Problem to solve: The entries below should be repeated exactly, with no pictures carried over.
Data extracts below:
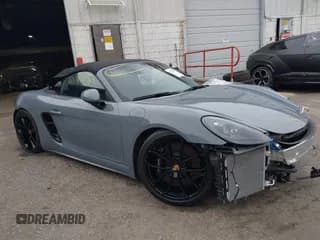 ✅ 2023 Porsche 718 Spyder • VIN: WP0CC2A83PS222034 • Lot: 41222380. Wystawiony na IAAI z przebiegiem 5 932 mil. Bezpłatny archiwum sprzedaży aukcyjnych z USA i szczegółowy raport historii pojazdu na DreamBid. Zdjęcie 1.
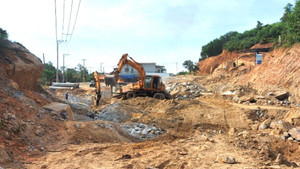 Ảnh: Hơn 200 tỷ đồng làm 10km đường 3 năm chưa xong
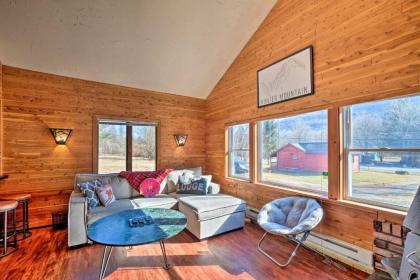 Modern Hunter Mountain Home 1 Mile from Resort! - image 6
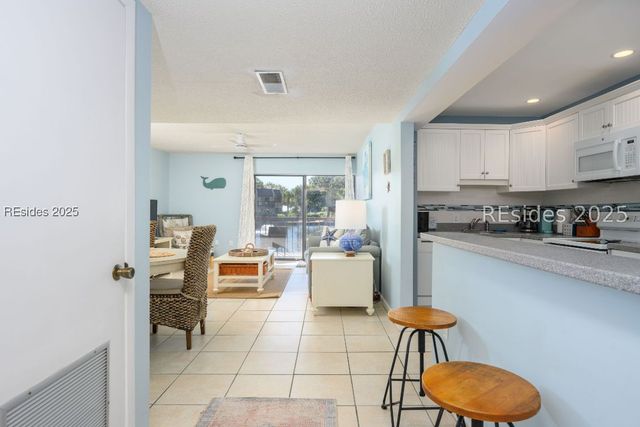 85 Folly Field Rd Apt 119, Hilton Head Island, SC 29928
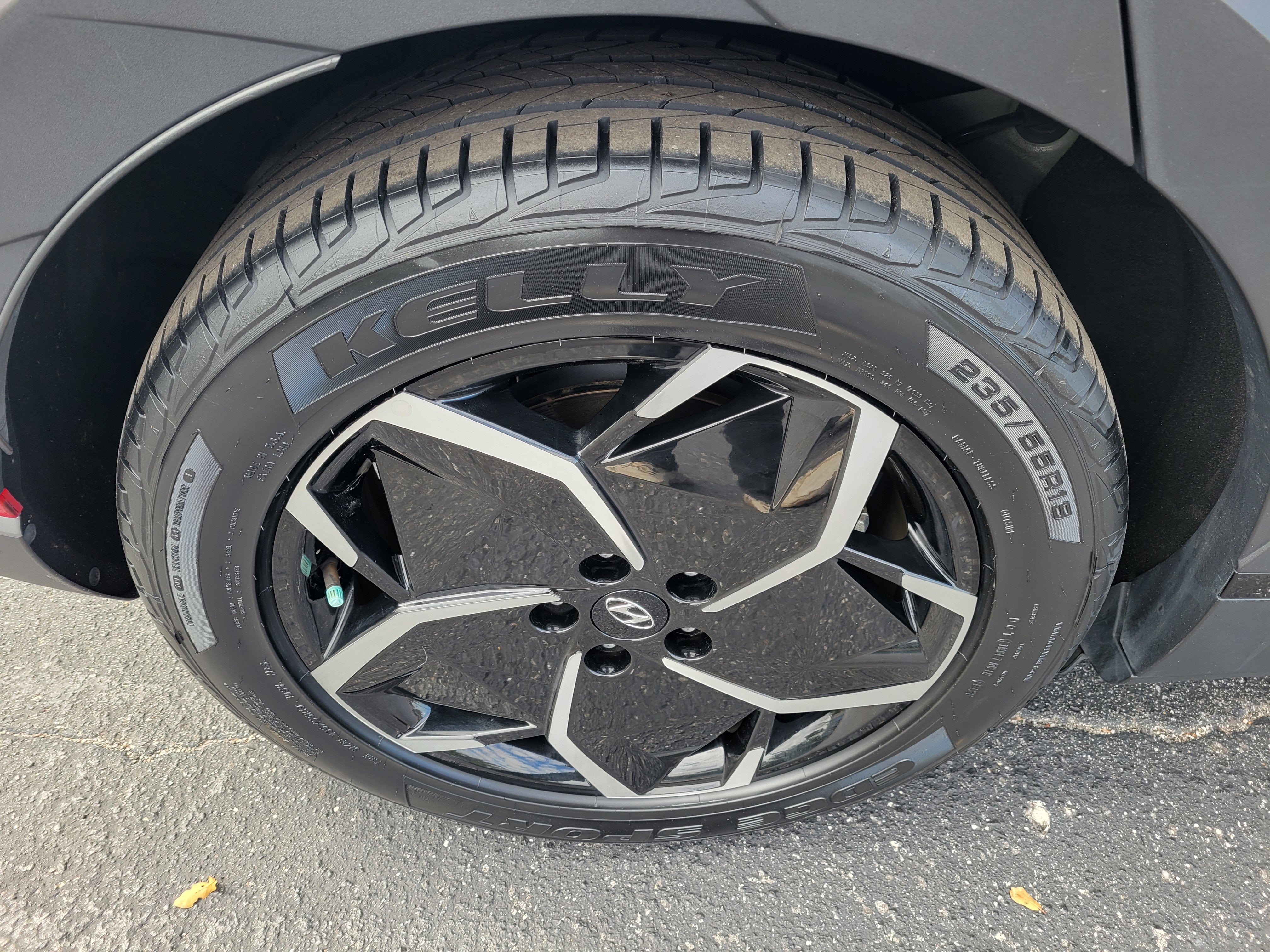 2022 Hyundai IONIQ 5 SE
End of Data extracts.
Task response:
 ✅ 2023 Porsche 718 Spyder • VIN: WP0CC2A83PS222034 • Lot: 41222380. Wystawiony na IAAI z przebiegiem 5 932 mil. Bezpłatny archiwum sprzedaży aukcyjnych z USA i szczegółowy raport historii pojazdu na DreamBid. Zdjęcie 1.
 Ảnh: Hơn 200 tỷ đồng làm 10km đường 3 năm chưa xong
 Modern Hunter Mountain Home 1 Mile from Resort! - image 6
 85 Folly Field Rd Apt 119, Hilton Head Island, SC 29928
 2022 Hyundai IONIQ 5 SE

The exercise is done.